Catherine Armstrong, Sprecherin von British American Tabacco, erklärte, es sei nicht ihre Firmenphilosophie, auf Seiten wie Facebook und YouTube Werbung zu machen: „Unseren Mitarbeitern und Agenturen ist es untersagt, über Soziale Netzwerke unsere Zigarettenmarken zu bewerben.“ Ihr Unternehmen gehört zu einer Reihe von Firmen, die 2002 eine freiwillige Vereinbarung unterzeichnet haben, die Werbung auf Websites beschränkt.

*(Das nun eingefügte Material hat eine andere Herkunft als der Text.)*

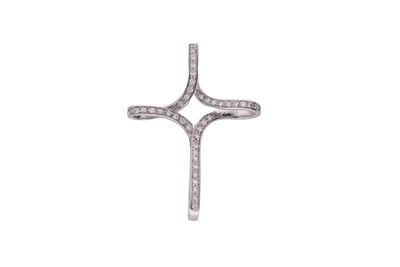 Pendente a forma di croce con diamanti - Asta Preziosi Pendente a forma di croce con diamanti - Asta Preziosi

Inhalte strenger regulieren
Doch so ganz will man den Beteuerungen der Firmen nicht glauben. „Es ist einfach eine zu gute Marketinggelegenheit, ich wäre sehr überrascht, wenn sie die nicht nützen würden“, erklärte Elkin gegenüber ONE News. Und auch Amanda Sandfort von der US-amerikanischen Anti-Raucher-Bewegung Action on Smoking and Health (ASH) ist skeptisch. „Sobald eine Werbemöglichkeit wegfällt, suchen Unternehmen automatisch nach einer neuen Möglichkeit, ihre Produkte zu bewerben und Werbebeschränkungen zu umgehen“, erklärte Sandfort gegenüber der britischen BBC.
Sowohl ASH als auch die Studienautoren fordern nun die Regierungen auf, auch solche Inhalte im Internet strenger zu regulieren. „Wir sehen keinen Unterschied darin, ob Zigaretten in Filmen im Internet oder außerhalb des Internets gezeigt werden“, erklärte George Thomas, einer der Studienautoren, gegenüber der BBC. Das neuseeländische Gesundheitsministerium hat bereits reagiert, verweist aber darauf, dass es sich hierbei um ein internationales Problem handelt, das nur gemeinsam gelöst werden kann.